Havada aniden alaycı bir ses duyuldu ve bu ses gaipten gelmişti. Tian Yi yerden kalkıp anında uzun kılıcını kınından çıkardı: "Kim o?!!!"
Bu büyük generalin ana çadırıydı ve ağır savunma katmanları ile korunuyordu. Bunun dışında Feng Huwei'nin kendisi düşük seviyeli bir Derebeyi iken Tian Yi üçüncü seviye bir Taht idi. Ama bu ses sanki yanlarından geliyormuş gibiydi ve bundan önce kimsenin varlığını hissedememişlerdi.
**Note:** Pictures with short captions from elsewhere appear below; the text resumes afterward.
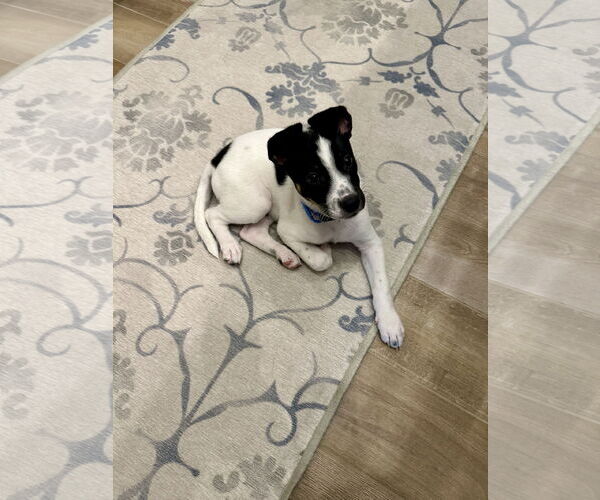 Medium Photo #6 Jack Russell Terrier-Unknown Mix Puppy For Sale in The Woodlands, TX, USA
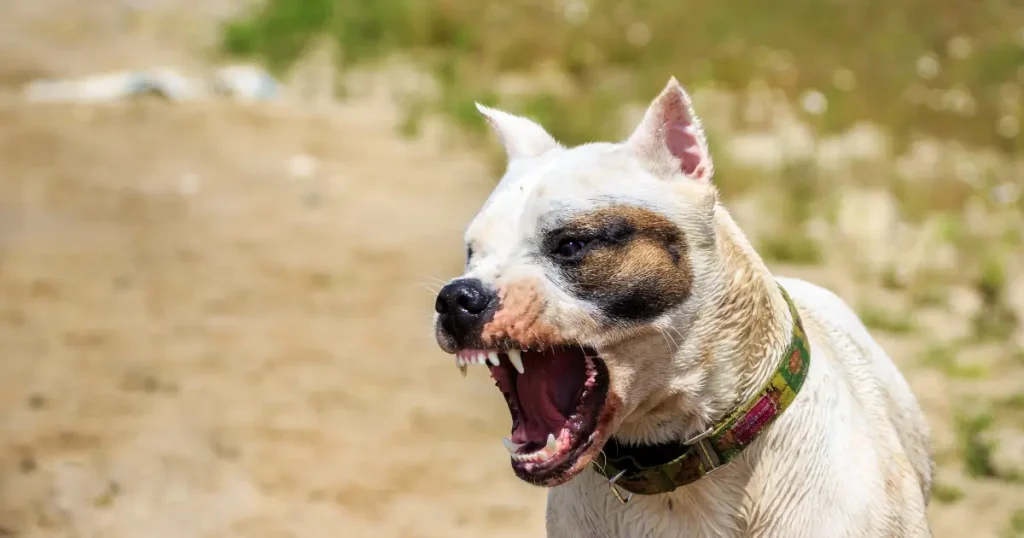 Current image: white pit bull baring teeth angrily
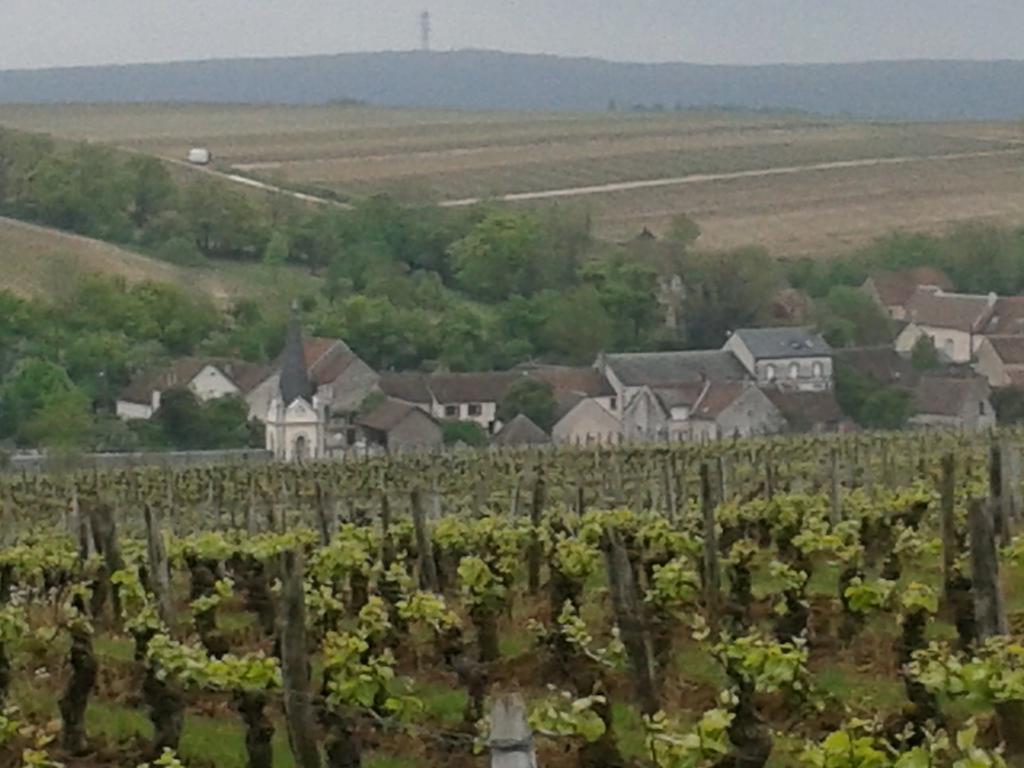 Le Clos Saint Martin Hotel Sancerre Esterno foto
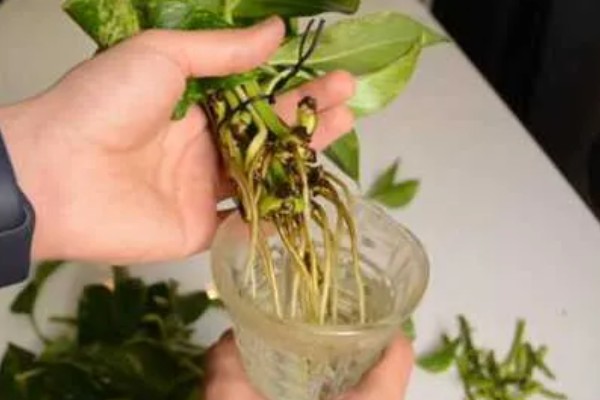 绿萝怕不怕冷，绿萝怕冷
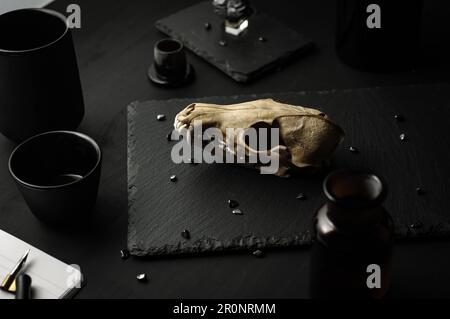 Dunkle Stimmung, Stillleben. Ein echter Fuchskopf, ein Kalligrafiestift, eine Aopthekarflasche, ein schwarzer Holztisch. Gotische Hexen-Launen-Hintergrund. Stockfoto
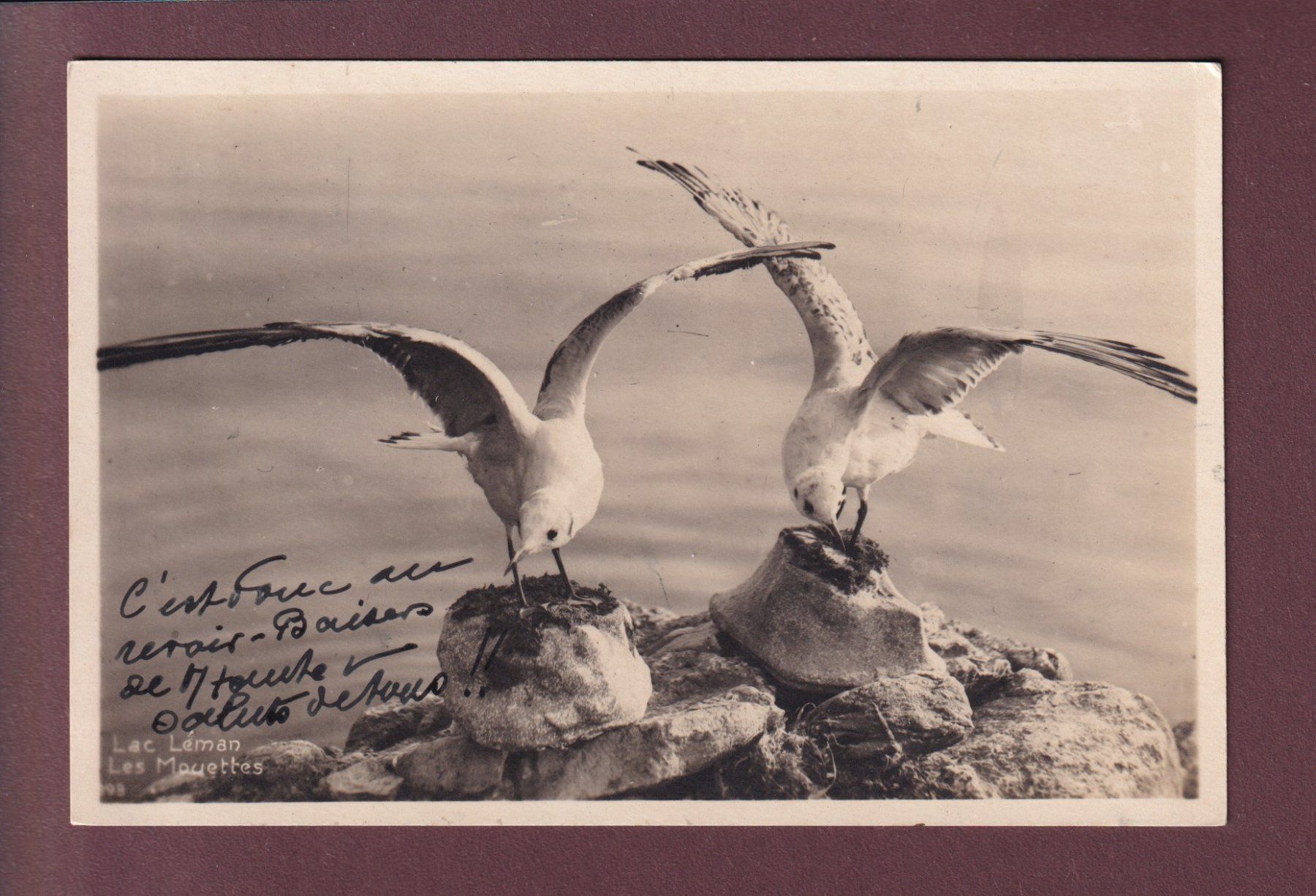 Cartoline postali: LAC LEMAN - Les mouettes - 1929 – Usato da Pully venduto da nicecards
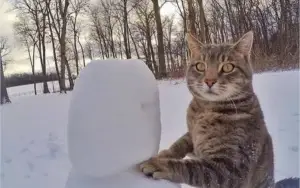 MAIS DE 5 MIL FOTOS DE GATOS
Bu nedenle tepkileri aşırı hızlı olsa da bedenlerindeki tüyler bu şoktan dolayı diken diken olmuştu.
Tian Yi uzun kılıcını sıkıca kavrarken hızlıca çevresini inceledi ama konuşan kişinin gölgesini bile göremedi. Döndü ve Fen Huwei'nin yanına gitmeye hazırlandı. Ama şok içinde altın bir cübbe giyen genç bir adamın Fen Huwei'nin sırtının otuz santimden daha yakınında olduğunu gördü. Bu kişi yüzünde aşırı soğuk bir gülümsemeye sahipti ve gözleri cehennemin gölleri kadar siyahtı. Derebeyi gücüne sahip olan ve her gözeneğinden kaynak enerjisi yayan Feng Huwei... Arkasında duran genç adamı fark etmemişti!!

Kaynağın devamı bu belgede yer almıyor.